Preaching to the Irritated
Have you ever found yourself in that slightly stressful position of being elbow deep in cake mixture, with the oven pinging, carrot peel in your hair and bits of bacon sprouting from your cleavage? Nope not a usual Saturday morning at 12th Man Towers either but in honour of Yorkshire Day I'd promised Beef and Yorkshire Ale stew, Rhubarb crumble and Yorkshire Parkin for anyone who dared to brave lunch. So with an hour to go, without completing any dish and still needing to throw myself in the shower the last thing I needed was a knock at the door. Tempted to ignore it I dithered but gave in thinking maybe, just maybe it was one of those lovely Postcode lottery people with a big cheque.

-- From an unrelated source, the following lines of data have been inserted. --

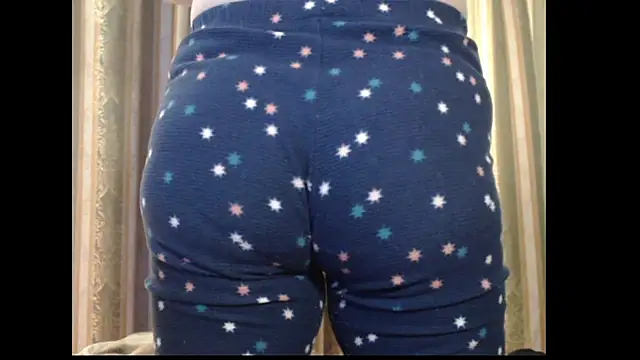 amorelara online show from 10-19-25, 08:04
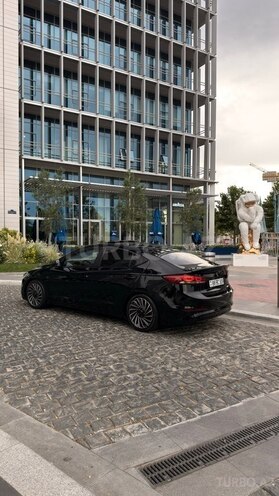 Hyundai Elantra-5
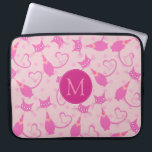 Girly Pink Slank Cat Pattern Monogram Laptop Sleeve<br><div class="desc">Roze kattenpatroon met optioneel monogram.</div>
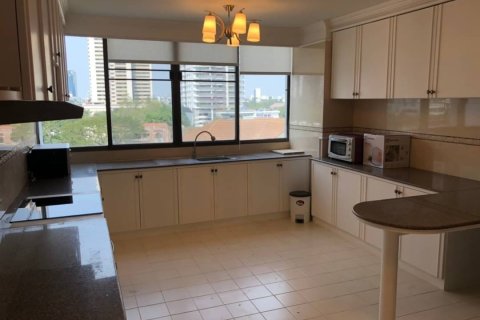 Condo in Bangkok, Thailand, 3 bedrooms  № 157485 - photo 4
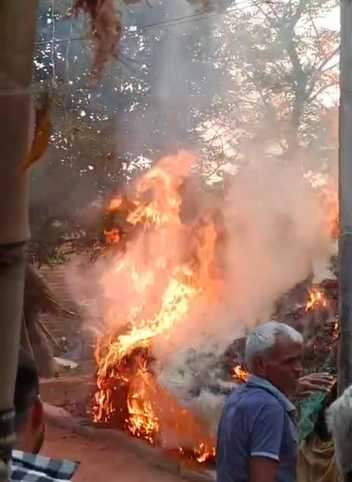 Farrukhabad News: आतिशबाजी चलाते समय झोपड़ी में लगी आग A hut caught fire while fireworks were being set off.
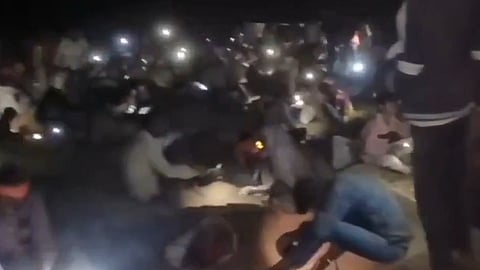 রাতের অন্ধকারেই চলছে খনন কাজ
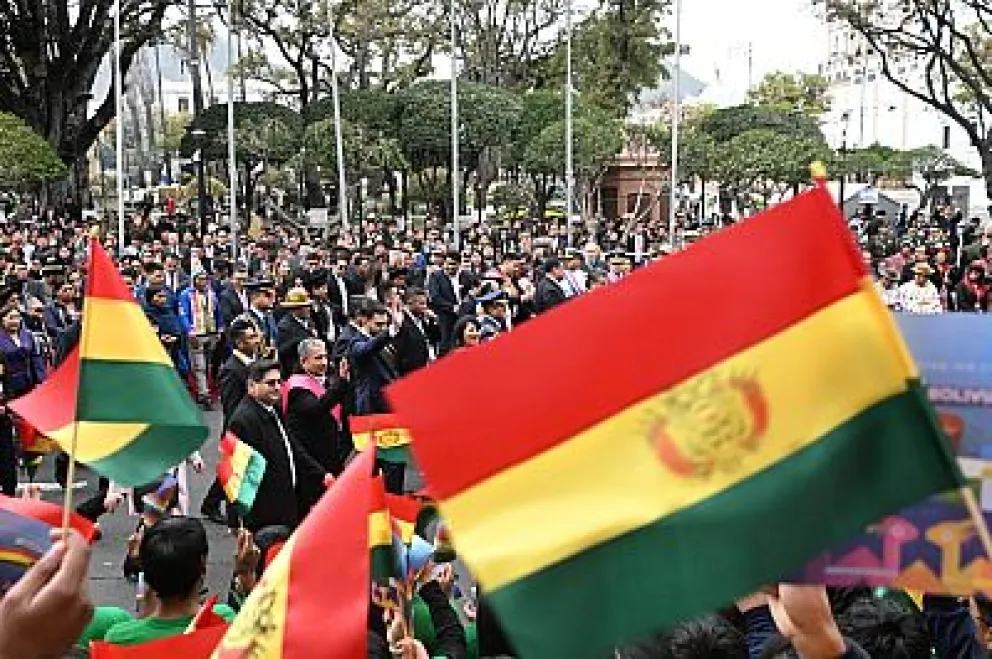 Los actos cívicos en Sucre por el 6 de Agosto. Foto: Bolivia Tv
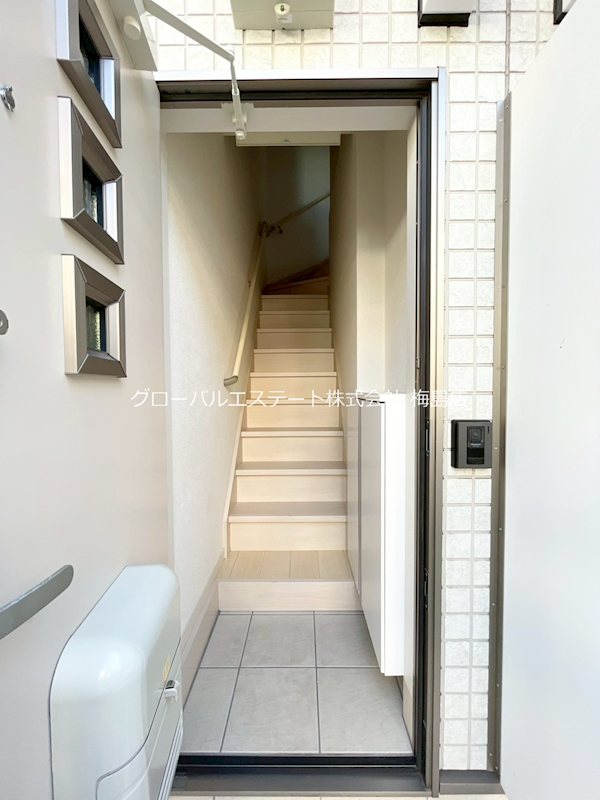 フェリシテ北千住 玄関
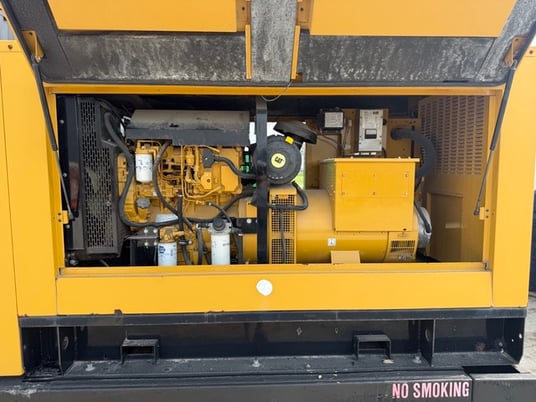 100 KW Caterpillar #D100-6, Diesel Generator Set, 1800 RPM, Caterpillar C4.4 engine, 277/480 Volt, 28 hours - Image 10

Of course it wasn't, it was a casually suited gentleman telling me he'd been having a nice chat with my neighbours about the source of their anxiety and could he come in. Er....I now have cake mix dribbling from my chin, flour on my nose and smoke billowing from the oven....unless you're a well disguised Michelin awarded chef I doubt there is much you can do for my current anxiety but yes let's have a chat about it shall we...I really have nothing better to do right now!! Of course I politely(ish) asked where he was from and informed him how intrusive and inappropriate him calling on a Saturday morning was and never to darken my door again. I then went back to burning the dinner for our guests, muttering about the only cause of my anxiety being the unwelcome recruitment drive of whichever religious organisation it was that was unfortunate enough to call when I was home.
However, this isn't a rant about any church or religious practice but it did get me thinking about customer service and understanding need. At a very basic level this gentleman caller was wanting to sell me something...whether it was membership, a new version of my future or simply a chance to chat, whatever it was, he wanted me to respond in a certain way (one I'm guessing was more positive than I did). He may have argued he was there for the good of my health, but getting down to basics he was there to try and get me to do something which was ultimately for the benefit of his organisation.
So where did it go wrong?
Targeting: essentially there wasn't any! They were calling on every house on the street, hoping by chance to get a positive response somewhere. Aside from having absolutely no idea who was on the other side of the door, there was nothing personal or special about their approach to me - I was just another door on another street.
Discretion: the opening line was 'we've been talking to some of your neighbours about dealing with their anxiety'...oh really, my neighbours are anxious are they, why don't you share that bit of gossip with the rest of the street? And if you've used that line with them and I ask you in, they will know I am struggling with anxiety...thanks but I might just keep that very personal and sensitive disclosure to myself thanks!
Empathy: I know they have a script to follow but it would have taken 2 seconds to interpret that someone with cake dripping from their chin and a house full of smoke might not be in the most receptive mood for the conversation that was on the sellers agenda! Instead of ploughing on at clearly a bad time, it may have been more fruitful had there been a recognition of the visual cues with a suggestion to come back later and good luck for the task in hand.
Agenda: and finally, after I had shared my thoughts on their CRM strategy all I received was a shrug of the shoulders and a response that they were sorry I felt that way...yes because I don't agree with you I must be in the wrong. Neither of us were right or wrong we just have different opinions on some things, both of which we are entitled to, but because mine wasn't on their agenda it apparently had no validity
So, as I said this absolutely isn't a rant about any organisation and I have the utmost respect for anyone who has a belief or cause they are passionate about. It is absolutely however, a reminder for me about some of the things we might forget to look out for when we're busy, or excited by an idea or passionate about making things happen. Sometimes some of the most basic instincts and behaviours that can help build strong relationships which ultimately lead to business opportunities are the most simple - listening, observing and thinking about what's happening in someone's world could be the most powerful selling tools in the box!
As for the Yorkshire Day lunch...after the swig of Yorkshire Gin I sneaked once I'd closed the door everything is a bit hazy but it was delicious… or so I'm told!